Le strade di Firenze – LIV

Maggio 16, 2009

VIA PISANA (Corriere Fiorentino di domenica 10 maggio 2009)

Via Pisana è la più antica tra le vie che escono da Firenze per distendersi verso est; un tempo, già fuori dalla porta San Frediano, era via di campagna – qualcuno ne ricorderà l’immagine in certi quadri del macchiaiolo Tommasi – e correva lungo borghi, campi, cascine, ville isolate e piccoli agglomerati. La si percorreva nei due sensi, ma di fatto era una via per uscire dalla città, e spesso non per gite di piacere: via Pisana si contende con via Senese il titolo di strada più percorsa dal vermiglio carroccio di guerra, che in tempi di mura integre quasi ad ogni primavera metteva fuori le antenne bellicose, recanti l’arme del Comune.
Oggi, a causa del senso unico di marcia che le è stato imposto, via Pisana è una sorta di Antiarno, un fiume di auto e motorini che scorre parallelo all’originale, ma in senso inverso, e si frange sulla Porta di San Frediano. Un fiume che lega Signa e Casellina, Ponte a Greve, San Quirico e Legnaia fino a Monticelli, al Pignone e infine al centro. Lo si può risalire, questo fiume, col piglio degli esploratori che cercavano le sorgenti del Nilo, e scoprire in esso una moltitudine di caratteri. Passata la porta si presenta come uno slargo, un respiro della città. Si fa nero e immondo di gas laddove affluenti come via Giovanni della Casa rendono il fiume più ampio e movimentato; irreale all’altezza di Villa Strozzi, dove


il giallorosso artificiale del distributore Shell si staglia sul verde del parco in altro, come un gigantesco Playmobil; autentico dalla fine del muro in poi, quando la strada diviene più stretta e curva, coi lampioni che a volte sbucano dalle case, perché non c’è posto per i fusti.
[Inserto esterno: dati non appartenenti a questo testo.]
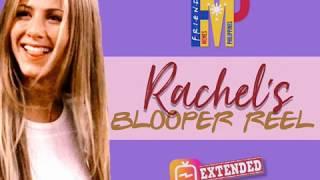 FRIENDS IGTV: Rachel's Blooper Reel
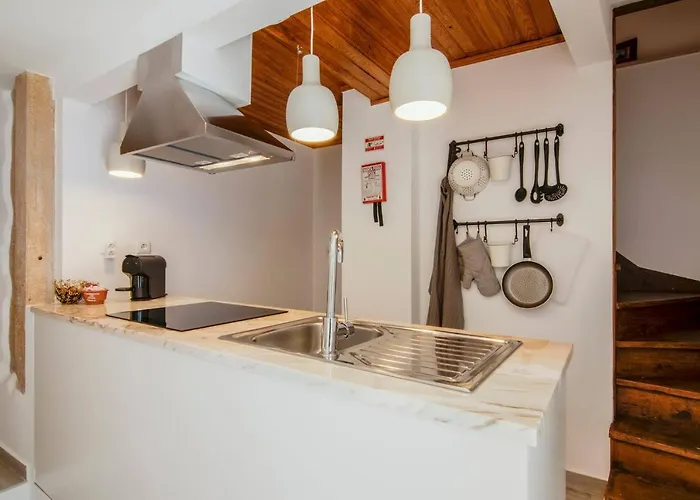 Do Infante Lejlighed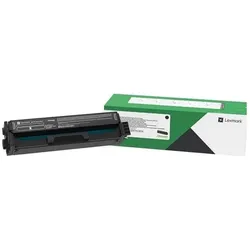 Lexmark, Toner, 55B2X0E (BK)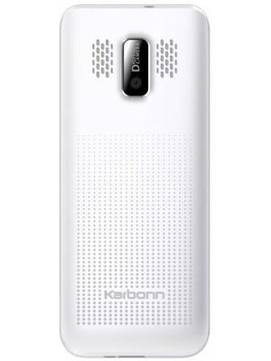 Karbonn K52 Plus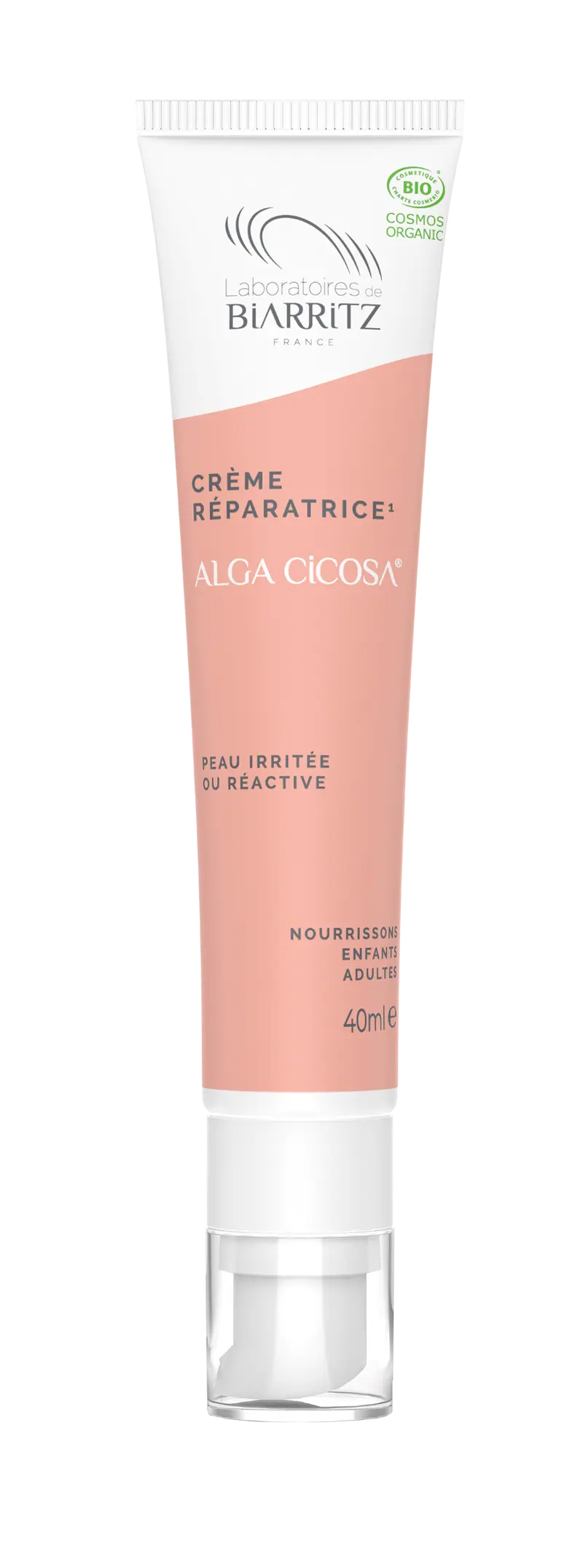 Reparerande Kräm, 40 ml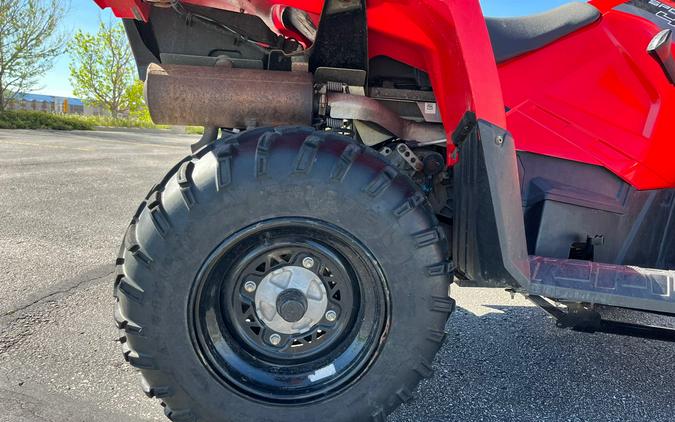 2019 Polaris Sportsman 450 HO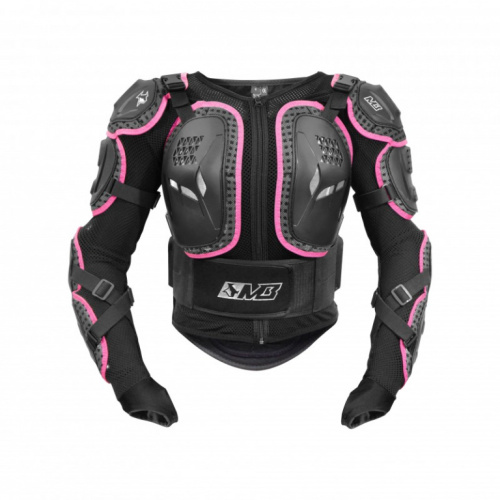 MadBull черепаха Protection Armora Pink в Рязани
Dall’incrocio con via Fra’ Diamante, via Pisana è addirittura una strada di paese, si acquieta tra negozi di fiori, ottiche, officine e immobiliarie; risalendo ancora, si incontrano alimentari, pescherie e tappezzerie, e allo stesso modo in cui vicino alle sorgenti di un fiume l’acqua è più chiara, qui il carattere della via è massimamente placido (all’altezza di via di Scandicci si possono contare anche due minuti interi senza il passaggio di un mezzo a motore). Pochi passi ancora, e questa placidità sfocia quasi nel sogno: subito prima di via di Legnaia, via Pisana sembra quasi Portogallo. Le case gialle, quelle ribassate, l’emporio che espone merci da località di mare, bocce pattini palloni, e sopra ogni cosa il campanile quadrato, ottocentesco, di sant’Angelo a Legnaia, ricordano certi paesini dell’Alentejo: addirittura da uno slargo si scorge un giardino coi lavatoi in pietra. L’incanto è tuttavia breve: allo svincolo di piazza Pier della Francesca si intuiscono via Baccio e viale Etruria, e anche via Pisana, prima di gettarsi fuori da Firenze, verso est, torna città.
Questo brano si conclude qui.